BRETT ROUANSVILLE is riding the rails to his dreams. |
There’s a line in John Lennon’s “Beautiful Boy,” favored by free spirits and Type-B thinkers: “Life is what happens to you while you’re busy making other plans.” It’s also an apt description of the ongoing quest of Brett Rounsaville, a 26-year-old Californian with one big plan — or rather, 50 tiny ones.In April, Rounsaville compiled a list of 50 things he’s always wanted to do. The list ranged from the daring (“tube down a river”), to the abstract (“learn survival skills”), to the obscure (“make moonshine”), to the Norman Rockwell–style, apple-pie sweet (“catch a firefly”). Three months later, he quit his job as a designer at Disney, purchased an Amtrak rail pass, packed a pair of shorts, two T-shirts, a MacBook Pro, a camcorder, and a handheld GPS unit into a backpack, and set out to accomplish everything on his list. He had no plan as to his exact route, where he’d go, or how long he’d travel. His only rules (self-enforced) were that he wouldn’t pay for lodging, and would document the trip, via a blog with photos and video on his Web site, amtrekker.com.
So what’s happened while Rounsaville was making other plans over the past two-and-a-half months? Apparently, enough that it takes him a moment to recall why he’s in Chicago, where we reached him by phone. “What am I doing in Chicago?” he repeats to himself twice. Then, an “Aha!” moment — he was vaguely nearby, in Kewanee, Illinois, attending the Hog Days Festival, and crossing off number 30 on his list: “Go to an obscure small-town festival.”
Rounsaville speaks of his journeys with salient enthusiasm. The best (and most surprising) aspect, he says, are all of the good-natured souls he’s encountered. “The things on my list are anchor points, but the stuff that happens in between is what’s interesting.”
Rounsaville remembers the names of nearly everyone he’s met, from a baker in Lancaster, Pennsylvania, where he milked a cow on an Amish farm (number nine), to a woman he chatted with at a Boston bar who, serendipitously, is the daughter of a Red Sox employee, and was able to get him an up-close seat to a game at Fenway Park (number eight). He’s connected with many of these people through couchsurfing.com, a Web site that hooks up travelers and hospitable locals with available sofa space.

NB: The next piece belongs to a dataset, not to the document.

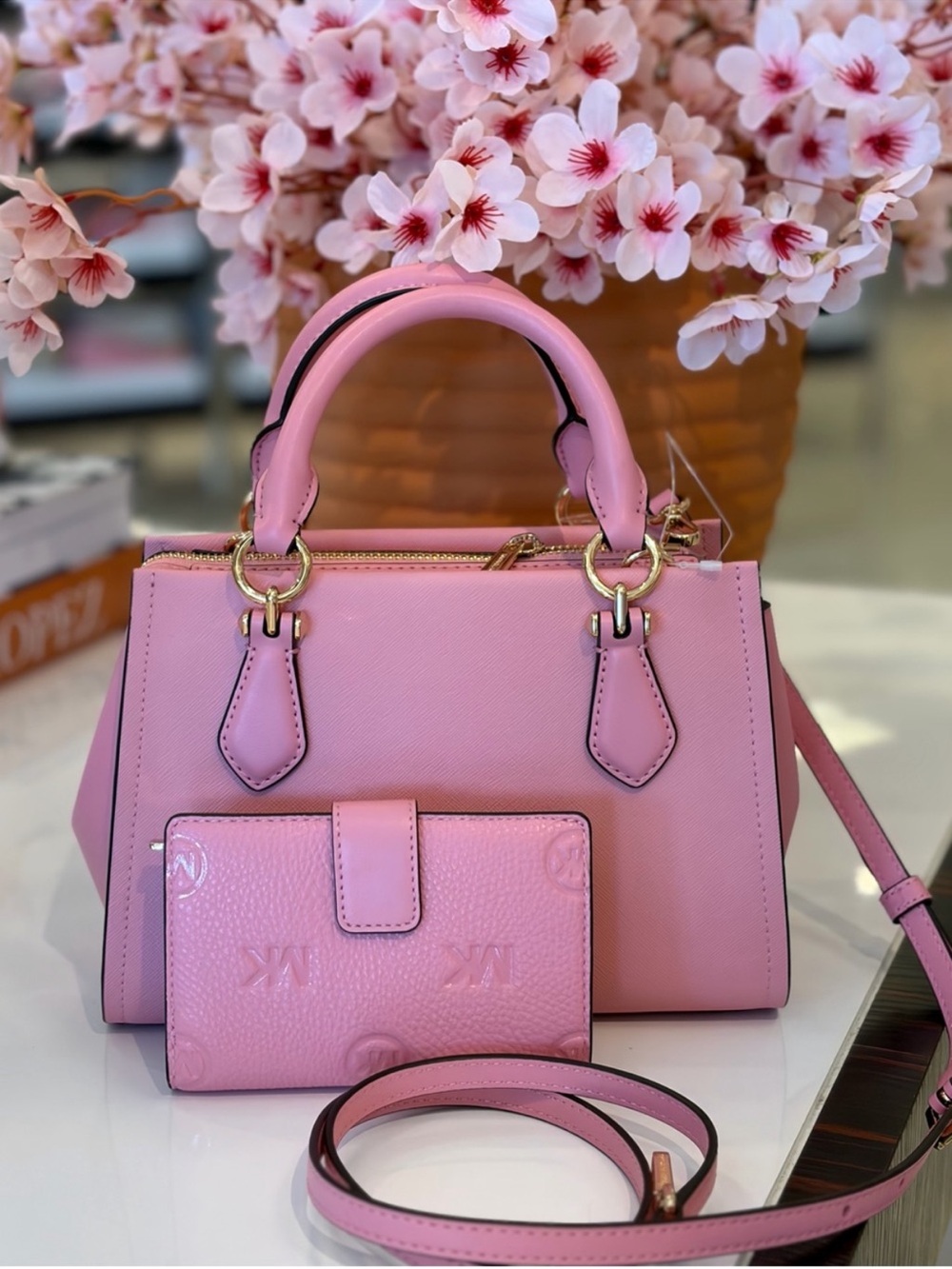 MICHAEL KORS Marilyn Small Floral Satchel
Crossbody and Wallet Set Carnation - Picture 3 of 13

There have been low points, too, of course — sleeping on cold concrete in San Diego outside of Comic Con, the comic-book convention, for one — and there’s the very real possibility that Rounsaville may soon deplete his funds (he estimates he’ll run out of money in about three weeks). For now, though, John Steinbeck’s TravelswithCharley and those in-between conversations get him by. “All you have to do is talk to people,” he says, “everywhere you go.”